THE METAMORPHOSIS OF THE ANNALES SCHOOL: THE NEW HISTORY – 2016-2

Part II. The History of Mentalities: the three paradigms “Structural”, “Quantitative” or “Serial” and “Integration”

Summary

Smbat Kh. Hovhannisyan

Key words – History of Mentalities, “History Without People”, Human-Centered History, “Structural”, “Serial” or “Quantitative” and “Integrative” History of Mentalities.

The article discusses history of mentalities – the new paradigm worked out by the third generation of Annales School. Already in 1960s, a research project was developed in history focused on sociology and ethnology, semiotics and linguistics. It was aimed at overcoming the opposition of the two approaches in history – “history without people” and “anthropocentric history” – present already in the days of F. Braudel. The desire to respond to the like challenges led to the reconsideration of the problems of determinism in Braudel’s historical conception. Scholars traced a serious danger that the “mental framework could form a jail for the long time dimension of history.”

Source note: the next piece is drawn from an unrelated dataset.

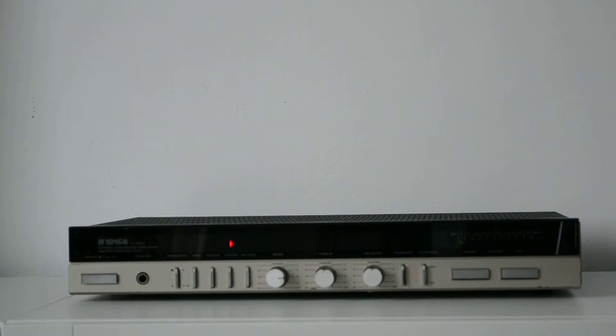Today we still have Akai, but today's Akai cannot be compared to the early models, the 70s and 80s models. But let's speak a little bit about this little amplifier.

This was assessed as a failure of Braudel’s theory and marked a very considerable intellectual shift: if the representatives of the third generation of Annales initially followed the concept History without people”, now they intended to restore the former Anthropocentric approach to history. Consequently, the third generation again activated the concept of history of mentalities.

In general, differences in understanding of mentality are classified in the article as follows: a. structural, b. serial or quantitative, d. integrative.